Top of Available data
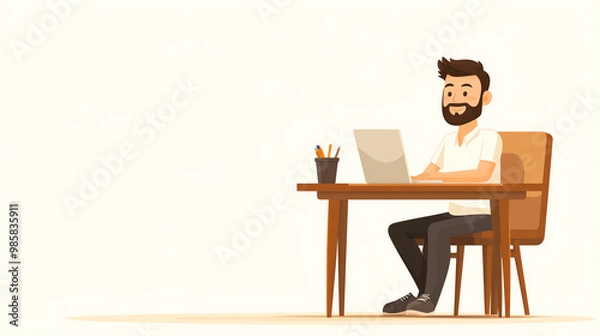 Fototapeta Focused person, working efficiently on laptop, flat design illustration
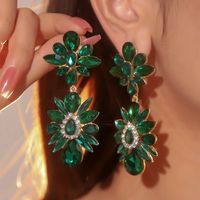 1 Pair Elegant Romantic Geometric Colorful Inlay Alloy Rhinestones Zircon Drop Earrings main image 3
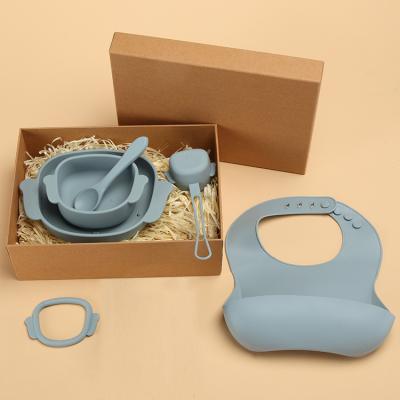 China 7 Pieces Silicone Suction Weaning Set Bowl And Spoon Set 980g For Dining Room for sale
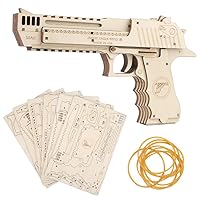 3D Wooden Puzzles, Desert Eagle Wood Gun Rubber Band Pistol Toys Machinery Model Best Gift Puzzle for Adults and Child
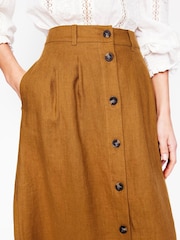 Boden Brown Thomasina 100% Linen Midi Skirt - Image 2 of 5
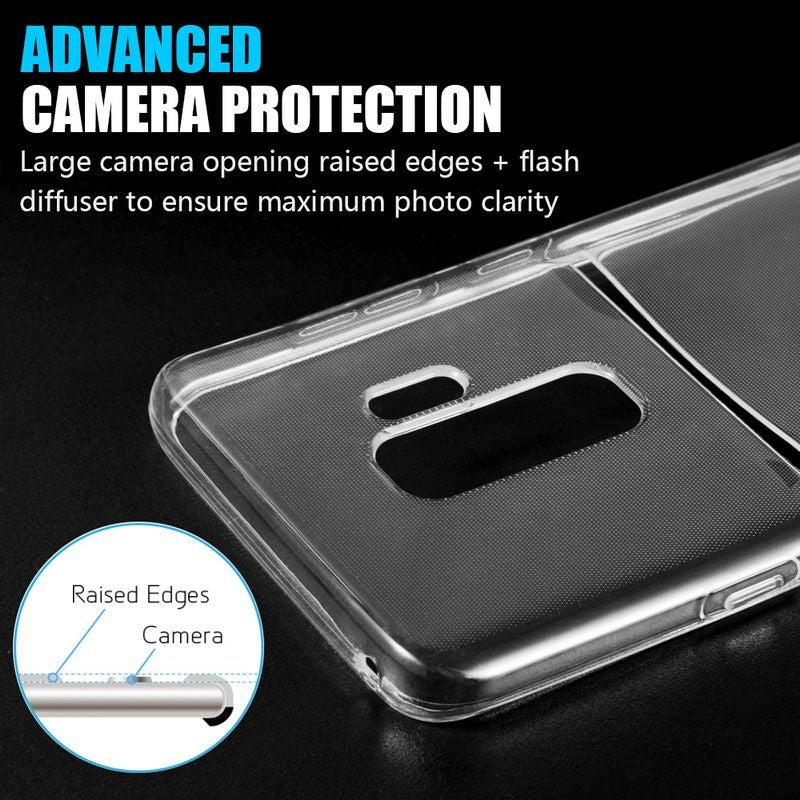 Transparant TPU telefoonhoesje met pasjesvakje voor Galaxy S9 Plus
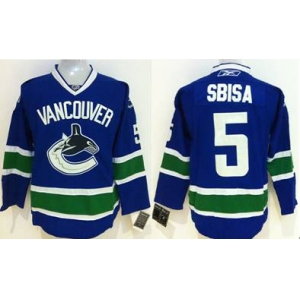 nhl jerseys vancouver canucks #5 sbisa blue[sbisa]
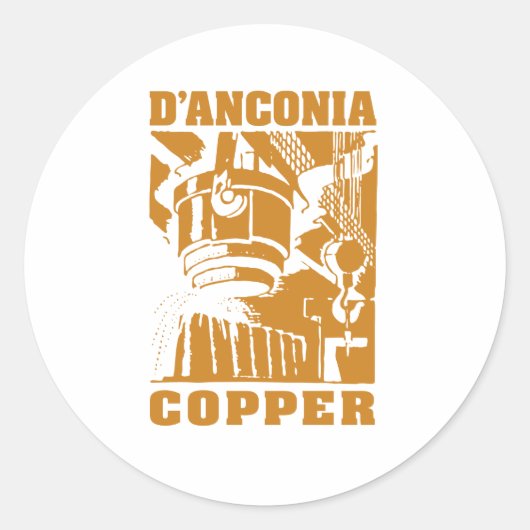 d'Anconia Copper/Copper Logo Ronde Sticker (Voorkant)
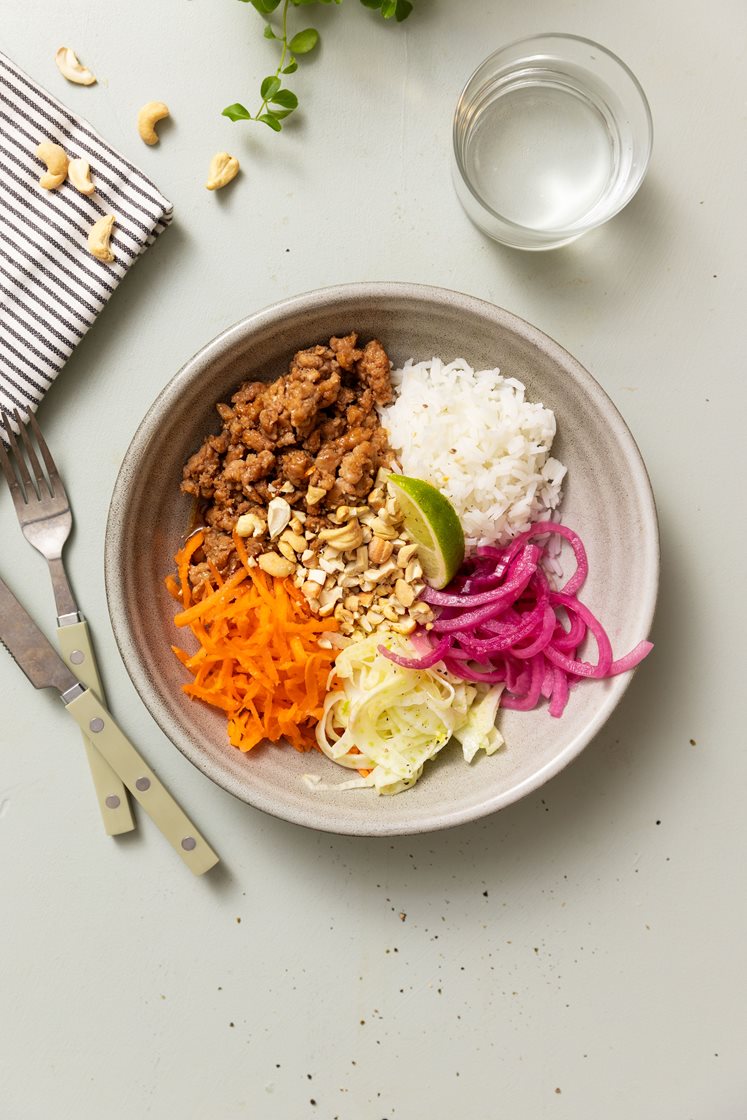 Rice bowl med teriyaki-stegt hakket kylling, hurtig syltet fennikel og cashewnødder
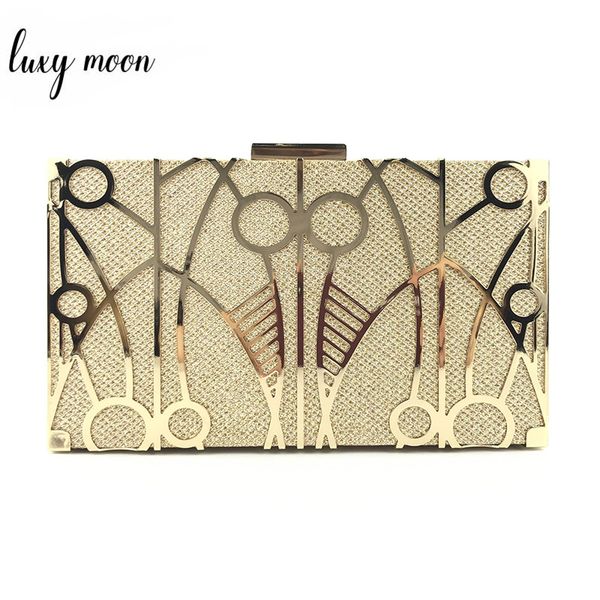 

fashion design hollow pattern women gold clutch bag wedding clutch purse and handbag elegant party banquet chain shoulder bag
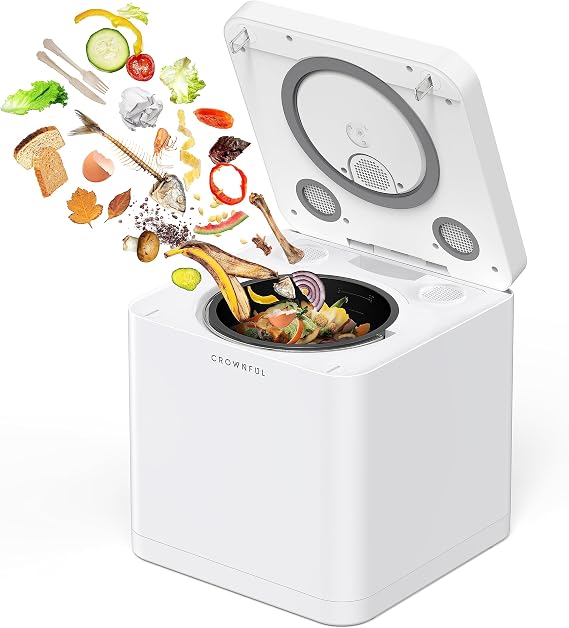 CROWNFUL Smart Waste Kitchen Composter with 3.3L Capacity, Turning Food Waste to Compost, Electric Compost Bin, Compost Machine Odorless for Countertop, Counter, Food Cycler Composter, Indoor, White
Bottom of Available data
Activity: What you need to retype is every line from the one that has "1 Pair Elegant" through the last line of the listing, both included, with the pictures left out.

Completed task:
 1 Pair Elegant Romantic Geometric Colorful Inlay Alloy Rhinestones Zircon Drop Earrings main image 3
 China 7 Pieces Silicone Suction Weaning Set Bowl And Spoon Set 980g For Dining Room for sale
 3D Wooden Puzzles, Desert Eagle Wood Gun Rubber Band Pistol Toys Machinery Model Best Gift Puzzle for Adults and Child
 Boden Brown Thomasina 100% Linen Midi Skirt - Image 2 of 5
 Transparant TPU telefoonhoesje met pasjesvakje voor Galaxy S9 Plus
 nhl jerseys vancouver canucks #5 sbisa blue[sbisa]
 d'Anconia Copper/Copper Logo Ronde Sticker (Voorkant)
 Rice bowl med teriyaki-stegt hakket kylling, hurtig syltet fennikel og cashewnødder

fashion design hollow pattern women gold clutch bag wedding clutch purse and handbag elegant party banquet chain shoulder bag
 CROWNFUL Smart Waste Kitchen Composter with 3.3L Capacity, Turning Food Waste to Compost, Electric Compost Bin, Compost Machine Odorless for Countertop, Counter, Food Cycler Composter, Indoor, White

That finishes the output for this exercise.